Created on 2011-07-28 13:15 by dandre, last changed 2012-03-26 23:26 by r.david.murray. This issue is now closed.

File name Uploaded Description Edit dandre, 2011-07-28 13:15
Messages (10)
msg141290 - (view) Author: (dandre) Date: 2011-07-28 13:15
Hello there, first of all, thank you all for Python. I didn't know it was so great; otherwise I'd have checked it out before.

Using 2.7.2 MSC v.1500 32 Intel bit for now.

Playing with email.header, I came across an odd behaviour.

Attached please find a script which demonstrates that
1) maxlinelen is ignored and
2) header fields are split in a manner not suitable for all systems involved in email processing.

The script will print the headers. They're all the same and extend over two lines; both should probably not be the case, although it dosn't hurt in itself.

If you uncomment the SMTP part of the script and send that email to yourself, you'll probably see that the From: and To: header will be misinterpreted by your email client; I tested this with two different email providers. Looking at the raw data which are received, it appears that at least in one case, a system along the way added a comma between the two "To:" lines. This is something which one should easily be able to avoid, if only the maxlinelen would be obeyed...

Having taken a look at, it appears to me that the semantics of _encode_chunks() does not exactly match its documentation due to the results of (at least some) charset.header_encode() calls.

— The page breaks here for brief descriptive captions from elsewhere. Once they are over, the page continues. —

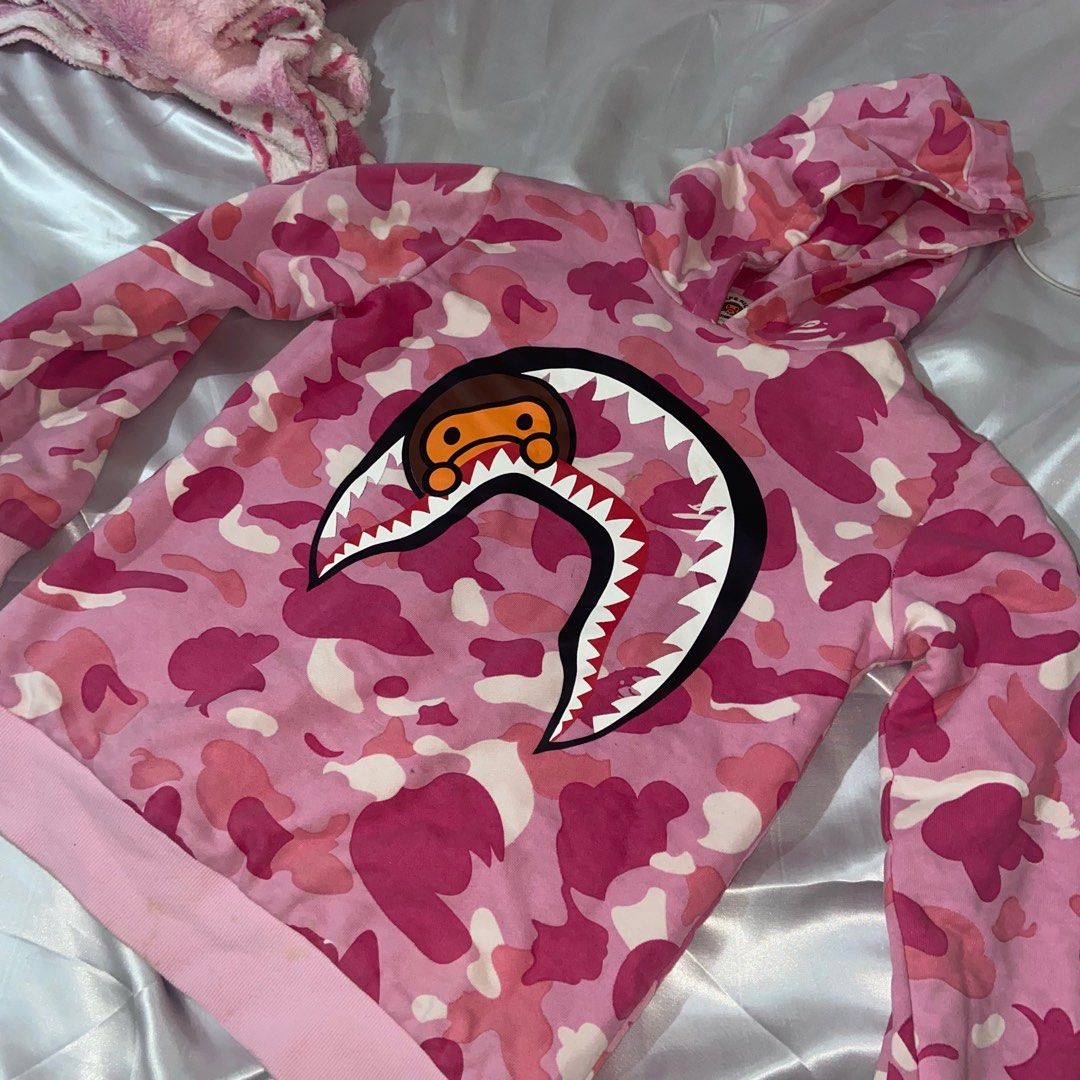 BAPE Pink Camou Hoodie (Category: Coats, Jackets and Outerwear) located in Cavite. Submitted by ginalinettilover1 (Listing ID 1261477218, Image 2). Description: rfs: need funds :) AUTH 💯!!! it’s a kid’s size (160) but it fits small body frames. swipe for ww photos :) 10/10 CONDITION!!! NO FLAWS AT ALL. this hoodie is double lined so it’s really comfy <33.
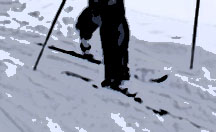 a man's feet on skiis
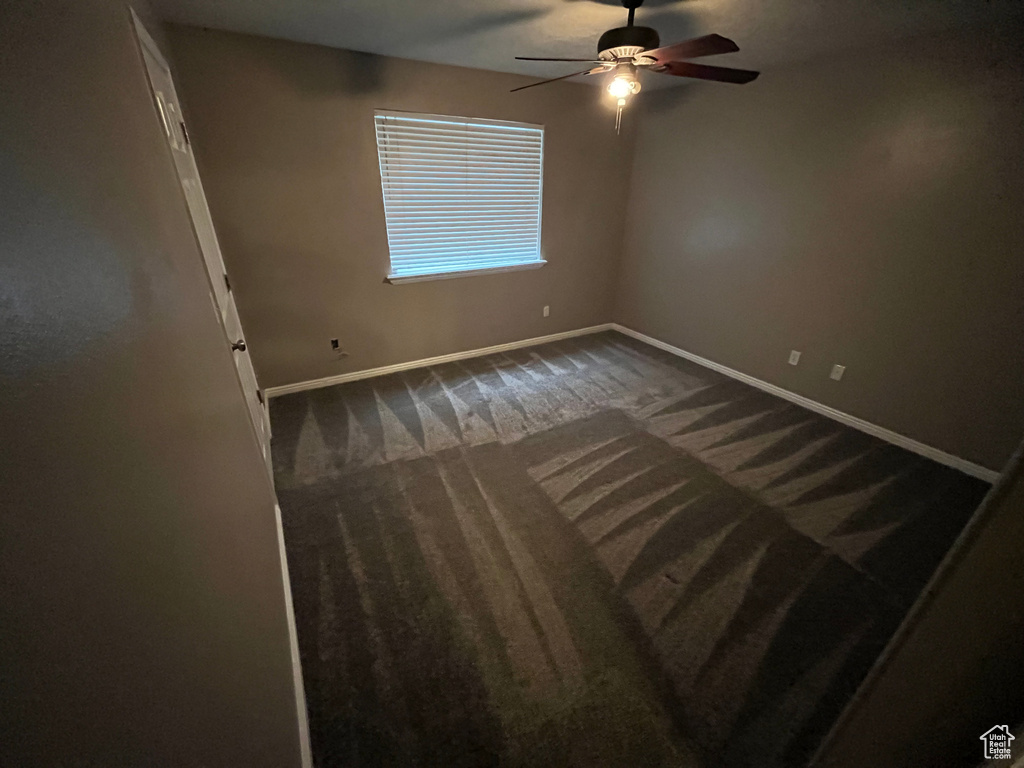 Unfurnished room featuring baseboards, dark carpet, and ceiling fan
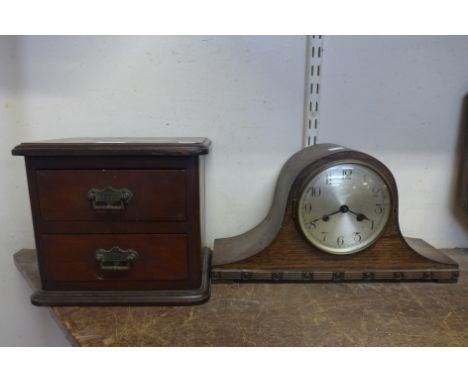 A small table top chest and an oak mantel clock 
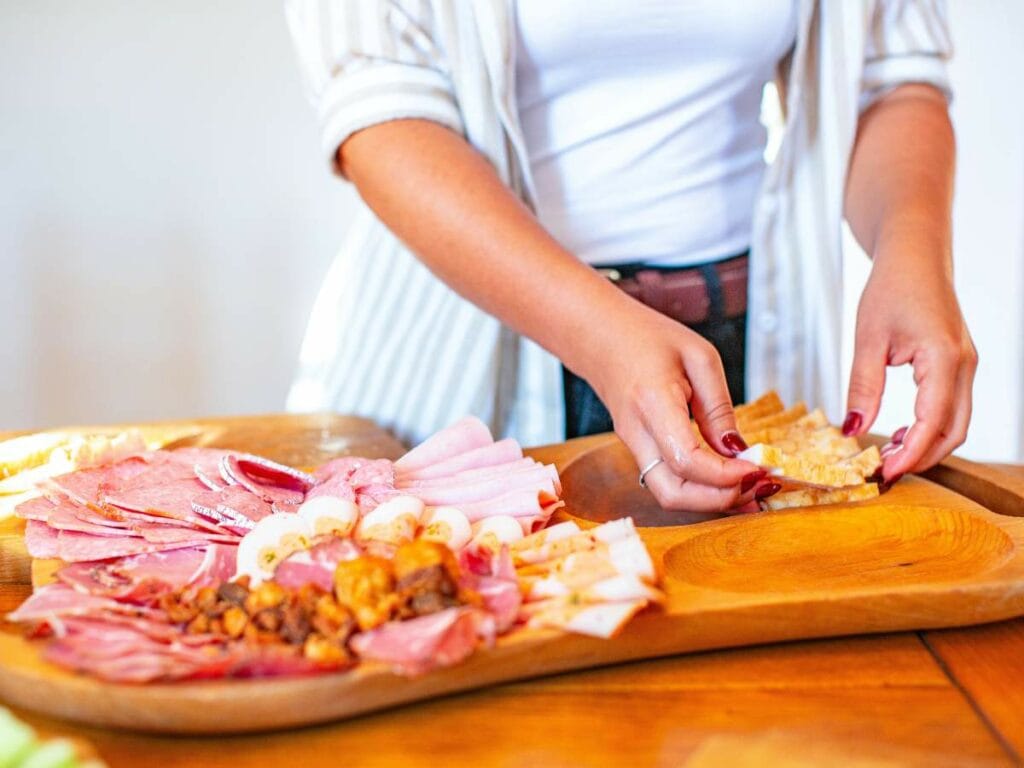 Person arranging sliced meats, cheeses, and crackers on a wooden charcuterie board.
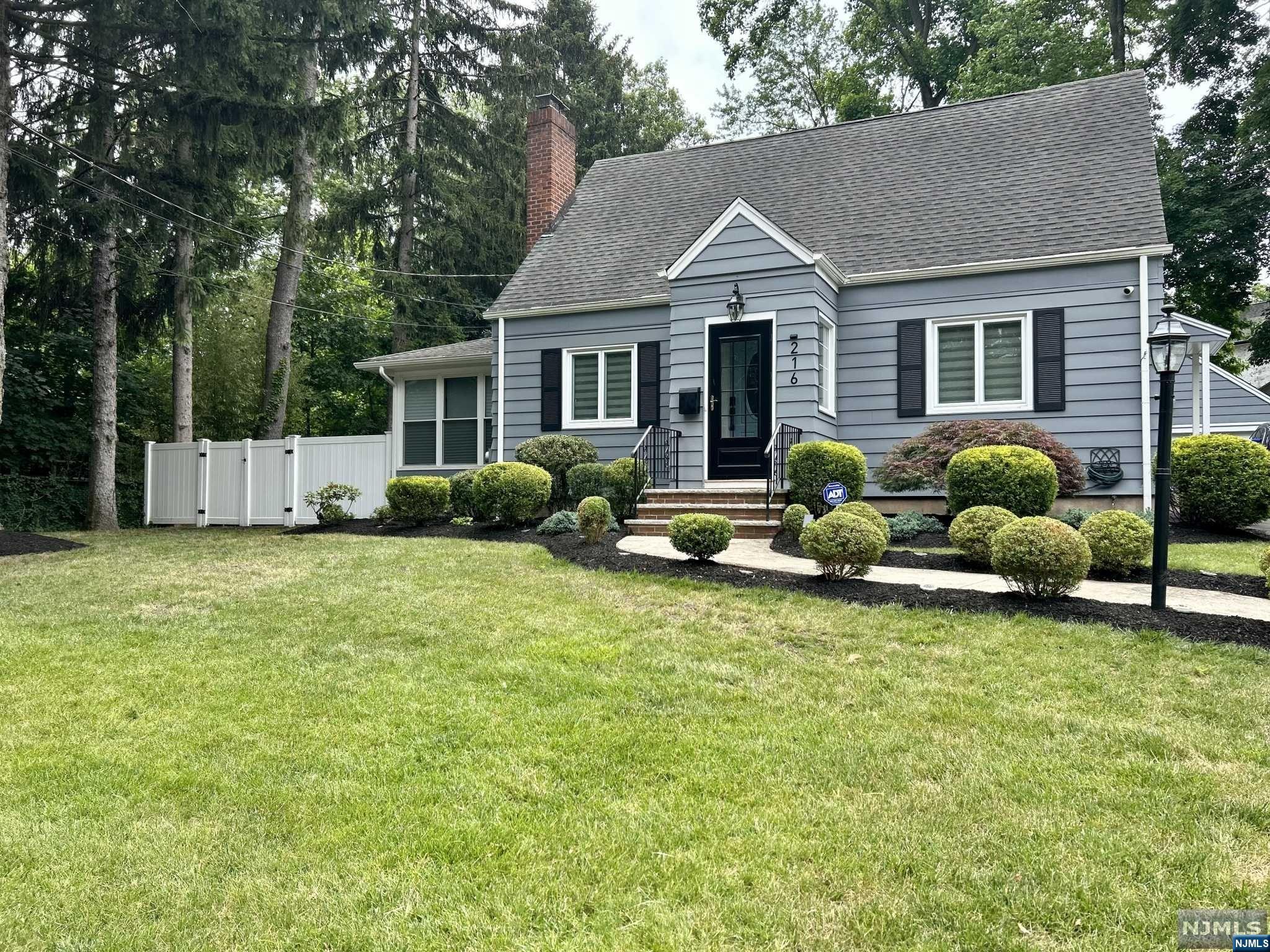 Stunning move in ready home with a great curb appeal. Modern kitchen with quartz countertop and heated floors, dining room and spacious living room with hardwood floors and fireplace. Two good size bedrooms on the first floor with a renovated bathroom. Two large bedrooms upstairs with a spacious closet, and a renovated bathroom with a bidet toilet. A finished basement will be perfect for a game room, gym or family room. Enjoy this impressive backyard with paver patio professional landscaping with a built-in sprinkler system. Priced to sell in a quiet neighborhood. Close to school, parks, restaurants, houses of worship, highways and NYC transportation.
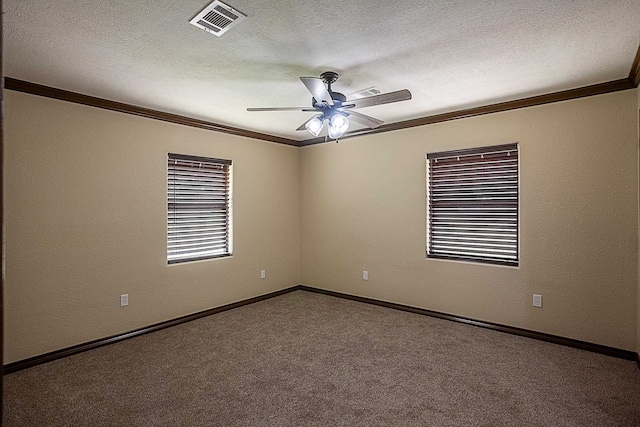 empty room featuring a textured ceiling, carpet floors, ceiling fan, and crown molding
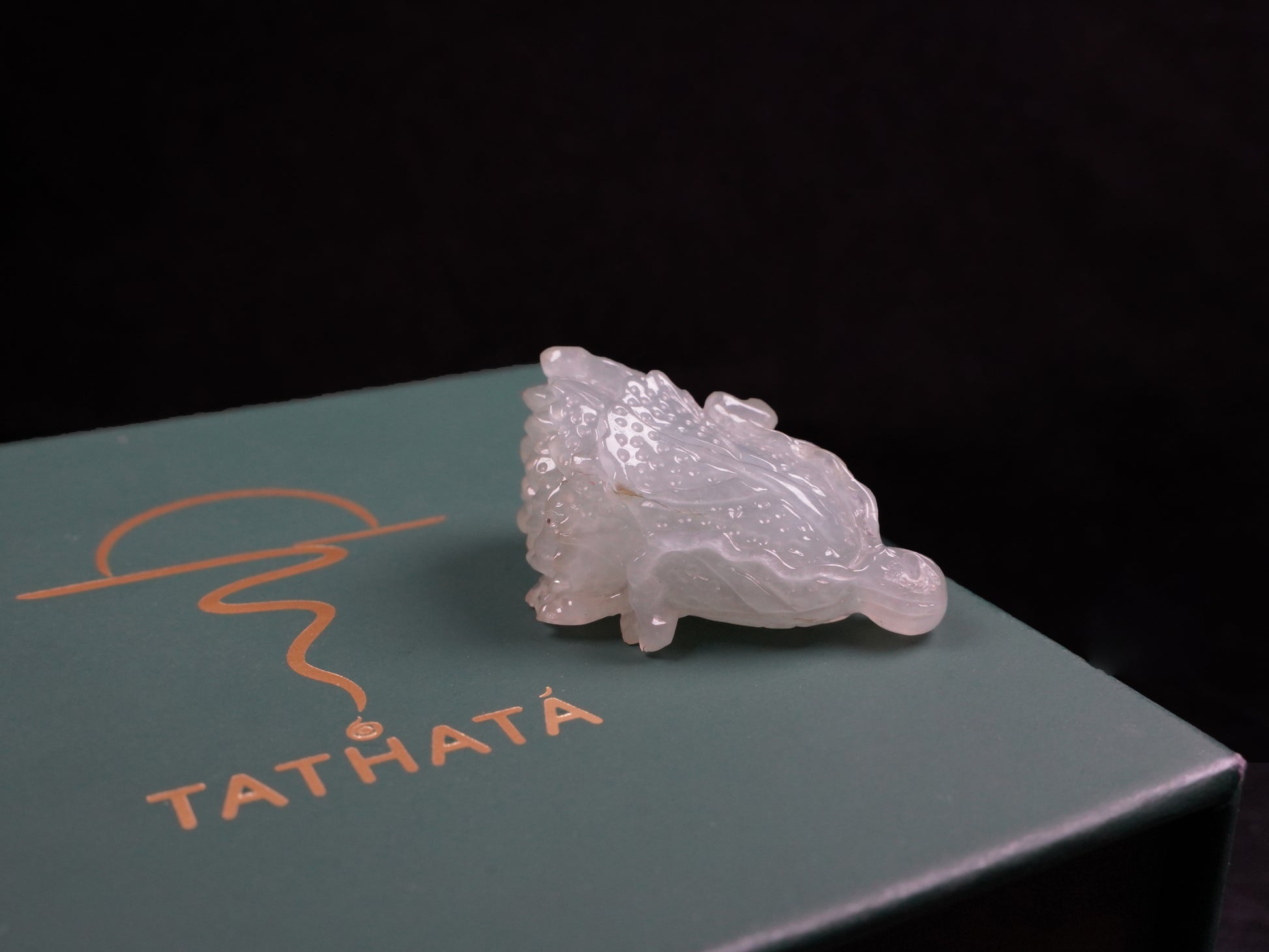 A delicate icy light green cabbage loose jadeite.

What seems to happen is that charset.header_encode() can return several lines already, and it will apparently split the line without any deeper knowledge. As a result, the Header module will not apply its sophisticated maxlinelen/splitchars logic. The header is split at some pretty arbitrary point and not all systems appear to be happy with that, although the relevant RFC apparently only reads "SHOULD" in this regard.
msg141293 - (view) Author: R. David Murray (r.david.murray) * (Python committer) Date: 2011-07-28 13:57
You are using Header incorrectly.  It should look more like this:

    th = _e_header.Header(maxlinelen=200, header_name='To')
    th.append(wtc[:-1], charset='utf-8')

This results in:

  To: ABCDEFGH =?utf-8?b?0ILYgeC5hOC8kuGPiuGauw==?= <>

Which is valid per RFC, which encoding the address is not.  A compliant mailer should be able to handle the Subject line from your version correctly, but not the To or From lines.

The fact that you don't want the trailing spaces is an artifact of the API.  Using this API requires more knowledge of the RFCs than anyone should want to have.  In Python 3.3 we will be introducing a new API in the email package that will make all of this *much* simpler.

The maxlinelen issue does appear to be a bug, though.
msg141298 - (view) Author: (dandre) Date: 2011-07-28 14:16
Thank you for pointing out my wrong usage of Header.

Does this mean I should call Header.append() for each token, with tokens being separated by WS, or probably rather COMMASPACE in the case of To:? Or does it mean I should call Header.append() for each "logical" token of From: and To:, let's say, for the two parts returned by email.utils.parseaddr()?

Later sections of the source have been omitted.